Claim C: Interest on emoluments

[33] The claim for unpaid interest on emoluments arises from the order that Blignaut J granted by agreement between Selfmed and two other parties – with no input by Mrs Bester, who was not cited as a party – on 16 April 2013. Of course the parties to that agreement were bound by it, even though Bester was not a party. But does that mean, as Selfmed contends, that it was not obliged to repay Mrs Bester the interest on the emoluments that she sacrificed while she was barred from Selfmed’s premises?

[34] To recap: in terms of the High Court order, Mrs Bester had to leave Selfmed’s premises and she was only paid her basic salary pending an inquiry; and Selfmed would not “disburse to Mr Bester and Mrs Bester any further amounts on account of their employment with Selfmed (other than their basic salaries as aforesaid) or its termination pursuant to the enquiry”.

[35] On 21 February 2014 Selfmed withdrew all charges of misconduct against Mrs Bester and reinstated her. That should have restored the status quo; but Selfmed argues that it is only obliged to pay her interest on the emoluments that were unpaid during her de facto suspension from 21 February 2014 to the actual date of payment. That, argued Mr Ellis, was the date on which the payments became due and owing.

[36] That argument cannot hold water. When Mrs Bester was reinstated, the status quo was restored. The emoluments became due and owing each month that they were withheld. Interest thus runs from each of those dates. That is the date on which Selfmed was in mora each month in terms of the common law.

[37] It is common cause that, on 27 June 2014, Selfmed paid Bester an amount of R362 602, 34 being the capital sum owing to her for the unpaid emoluments. It also paid interest from 21 February to 27 June 2014, amounting to R 19 532, 77. That leaves a balance of R20 619, 76 unpaid in respect of the claim for interest which Selfmed has not paid, despite demand.

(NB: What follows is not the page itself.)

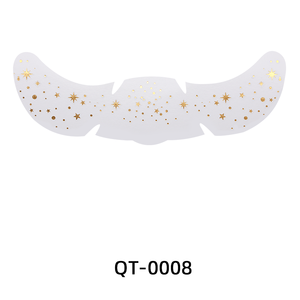 Autocollants de paillettes dorées argentées tendance, taches de rousseur nues, tatouage facial pour femmes, accessoires de maquillage pour la décoration artistique de performance - Product Image 3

It must therefore pay the applicant that sum together with further interest thereon until date of payment.

Conclusion

[38] The applicant is successful in both claims. In respect of claim A, her unpaid accrued leave based on 213.5 days’ accrued leave amounts to     R 1 470 562, 38. Selfmed has paid her R 281 422, 08, leaving an unpaid balance of R 1 189 140, 30. It must also pay her interest on the outstanding amounts.

[39] In respect of claim C, Selfmed must pay Bester the outstanding amount set out above in paragraph [37] together with interest.

[40] With regard to costs, I take into account that both parties asked for costs to follow the result; and that Mrs Bester, an individual, had to resort to lengthy and costly court action to recover what was lawfully hers.

Order

[41] I therefore make the following order:

41.1   The respondent is ordered to pay the applicant the following amounts in respect of claim A:

41.1.1    An amount of R 1 189 140, 30 in respect of unpaid accrued leave;

41.1.2    Capitalised interest that accrued at the then prevailing rate of 9% per year on the sum of R 1 470 562, 38 during the period 25 December 2014 to 17 February 2015, amounting to R 19 218, 03;

41.1.3    Interest on the total amount of R 1 208 358, 33 from 17 February 2015 to date of payment at the prevailing prescribed rate of interest.

41.2   The respondent is ordered to pay the applicant the following amounts in respect of claim C:

41.2.1    R 20 619, 76 in respect of capitalised interest, together with interest thereon from 28 June 2014 until date of payment at the prescribed rate of interest of 15,5% per year..

41.3   The respondent is ordered to pay the applicant’s costs.

_______________________

Anton Steenkamp

Judge of the Labour Court of South Africa


APPLICANT:

 

Michael Crowe SC


Instructed by Bagraims (B Schiff).


RESPONDENT:

Edwin Ellis of Edward Nathan Sonnenbergs.




[1] Act 75 of 1997.

[2] Stellenbosch Farmers Winery v Martell et cie 2003 (1) SA 11 (A) par 5 [per Nienaber JA].